Aline conta que foi necessário se apaixonar pelo problema que lhe estava causando dor naquele momento a fim de criar o aplicativo, que, nas palavras dela, “é literalmente um filho”, fruto desse momento extremamente delicado do divórcio. Isso a impulsionou a se aventurar na tecnologia, uma área na qual nunca tinha se visto antes, e a criar a startup – coisa que ela nem sabia o que era. No entanto, ela conta que foi possível aprender com resiliência e com um ecossistema colaborativo.
Além disso, ela usou elementos de sua experiência anterior na criação do aplicativo: da arquitetura, buscou levar seus conhecimentos para uma melhor experiência de usuário e para a criação de um design acolhedor; da maternidade, utilizou sua trajetória “liderando” duas vidas para conseguir estar à frente de uma equipe.
Apesar de sua ideia inicial ser atender a pais divorciados como uma forma de tomar conta dos filhos, Aline e sua sócia perceberam que o cuidado compartilhado poderia abranger casais que seguem juntos.
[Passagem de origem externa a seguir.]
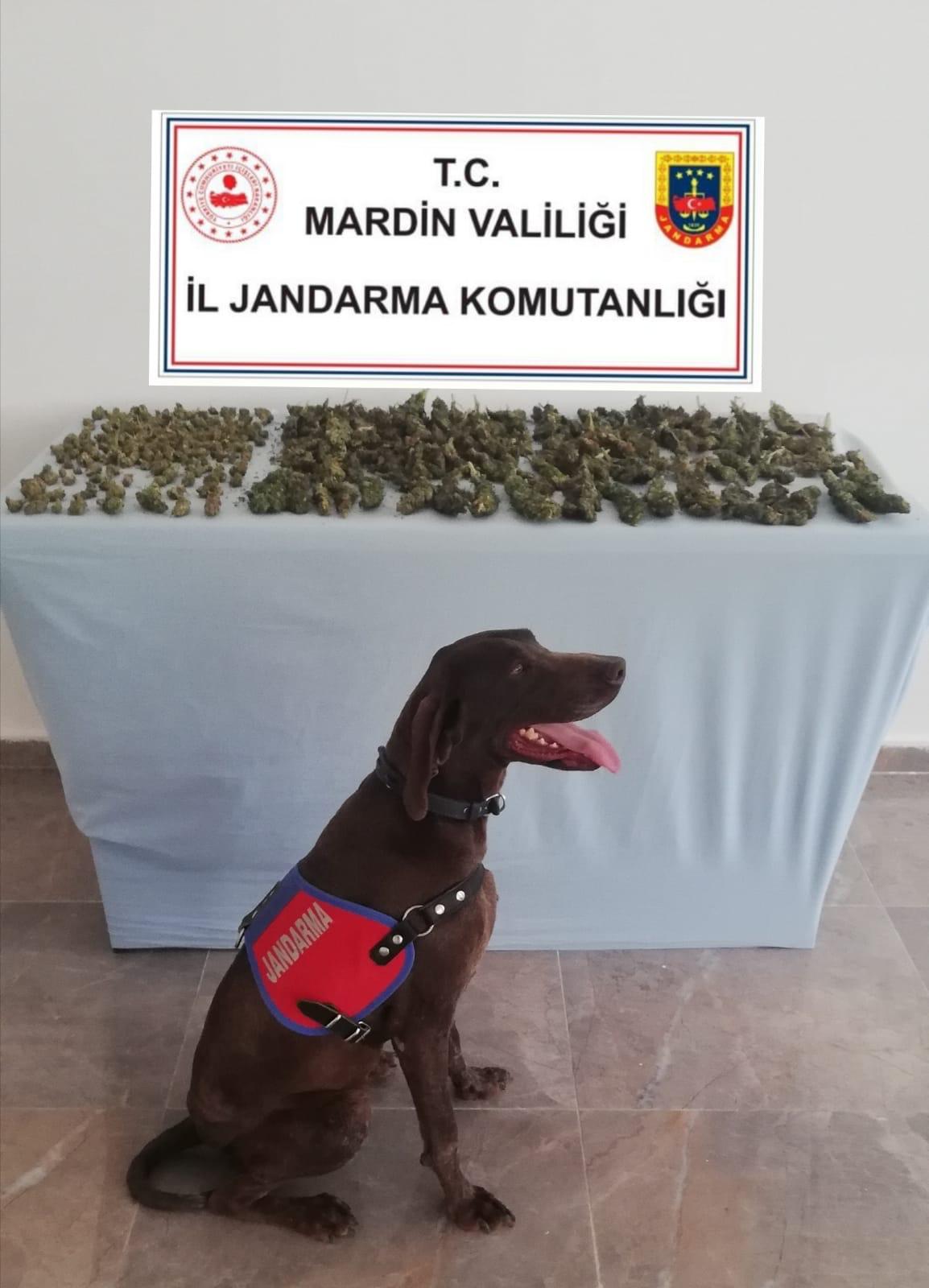Mardin İl Jandarma Komutanlığı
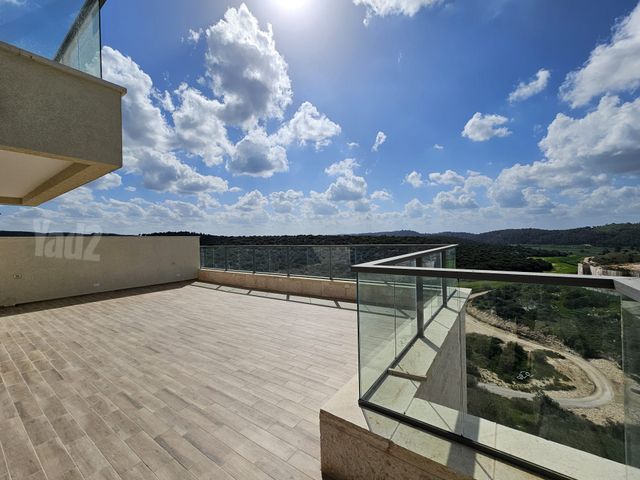 גג/ פנטהאוז למכירה בבית שמש — 3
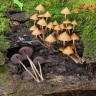 отпечатки псилоцибиновых грибов Mexican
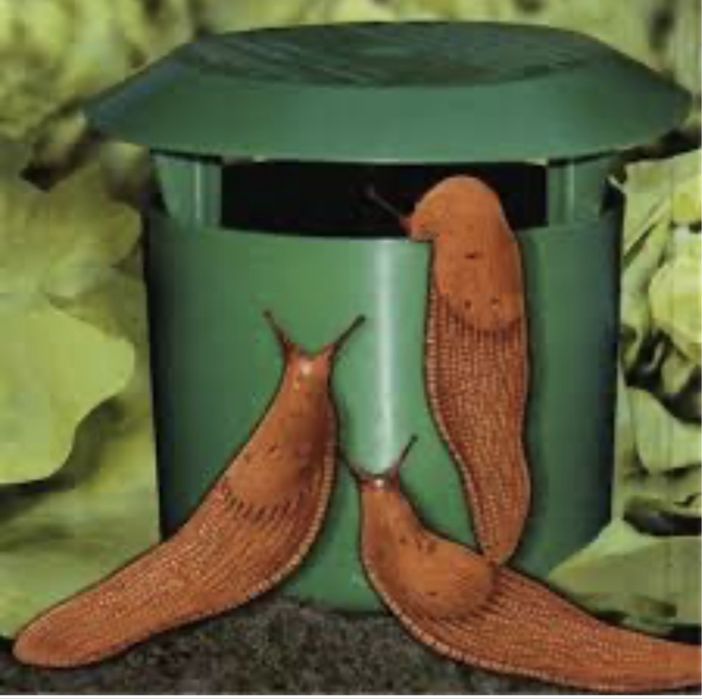 Капан за охлюви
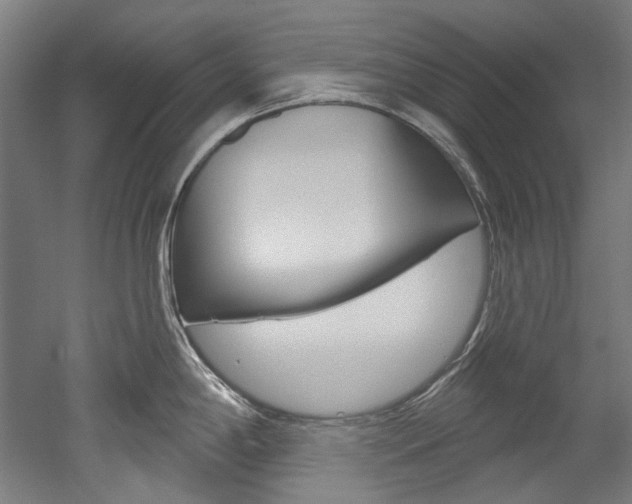 X0000052591198200507010931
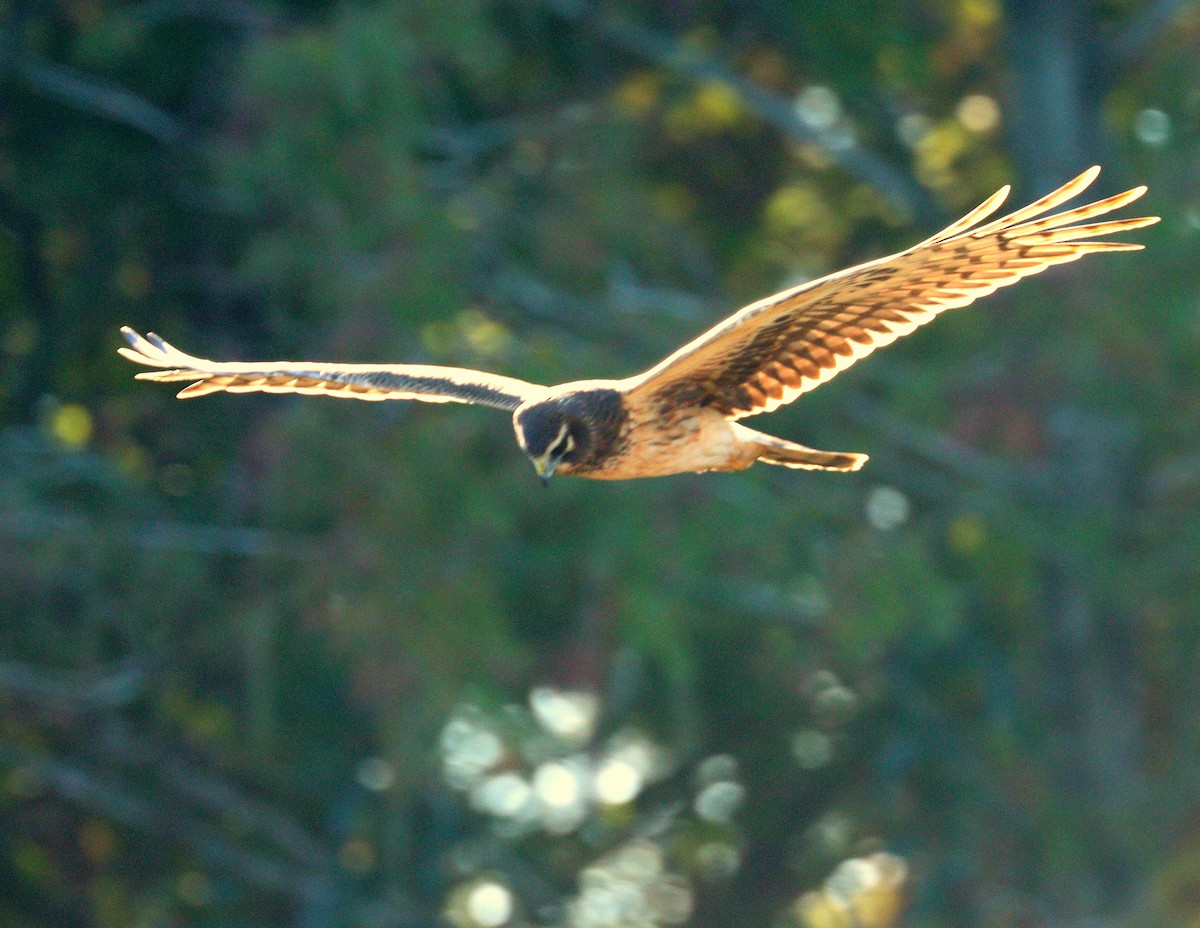 アメリカハイイロチュウヒ - ML647757798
Por isso, o nome do aplicativo vem da palavra “zelar”.
“A agenda de um filho é totalmente agitada. São muitos compromissos e a gente tem que equilibrar com a nossa agenda também. Então [o app] é para qualquer pai e mãe com filhos menores de idade, independente da questão conjugal”.
Durante a entrevista ao “Inovar é um Parto: Fora do Eixo”, a jornalista e diretora da série Patrícia Travassos destacou como a divisão de tarefas no cuidado com os filhos oferecida pelo Zelle pode ser benéfica às mulheres, cada vez mais inseridas no mercado de trabalho. Vale destacar que mulheres trabalham, em média, 7,5 horas a mais do que os homens por semana pela dupla jornada, segundo um estudo feito pelo Instituto de Pesquisa Econômica Aplicada (Ipea) com base em dados do IBGE.
Zelle pelo Brasil
O aplicativo de Aline deixou a sede no Rio Grande do Sul e se estendeu a demais estados brasileiros, como Mato Grosso, São Paulo e Bahia. Além disso, ela conta que há procura para que o Zelle chegue a outros países, plano que ela pretende levar adiante. Ainda assim, ela comenta que sua maior felicidade é perceber como sua startup vem impactando as pessoas por meio de relatos.
“Uma advogada comentou que o Zelle resolveu um problema que já se estendia a mais de um ano. Nesse momento eu chorei, porque é um negócio, e a gente quer que dê certo como negócio. Mas ver que estamos impactando vidas, principalmente de crianças que nem são os nossos usuários, que vão ser acolhidas e ter aquela sensação de pertencimento em qualquer ambiente familiar que estiverem, que vão poder continuar mantendo uma relação de parentalidade, não tem preço”, conclui Aline Poulsen.